◆ RECORDED INFORMATION

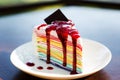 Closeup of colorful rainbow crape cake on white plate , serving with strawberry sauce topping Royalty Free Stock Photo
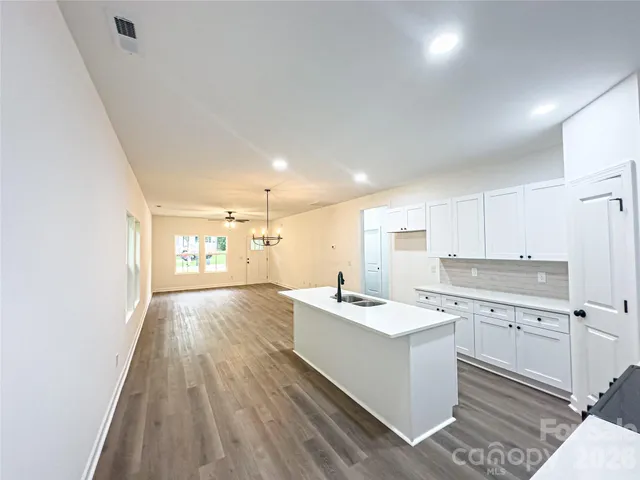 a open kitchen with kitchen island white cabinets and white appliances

==

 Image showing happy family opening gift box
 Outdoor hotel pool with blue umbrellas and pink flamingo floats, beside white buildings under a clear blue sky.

--

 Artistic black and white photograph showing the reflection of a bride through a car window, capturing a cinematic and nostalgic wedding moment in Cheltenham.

◆ WHAT IS EXPECTED
Once you find the line with "Image showing happy family opening gift box" above, print it and every line after it up to and including the line with "Outdoor hotel pool", exactly as written and nothing else.

◆ REPLY
 Image showing happy family opening gift box
 Outdoor hotel pool with blue umbrellas and pink flamingo floats, beside white buildings under a clear blue sky.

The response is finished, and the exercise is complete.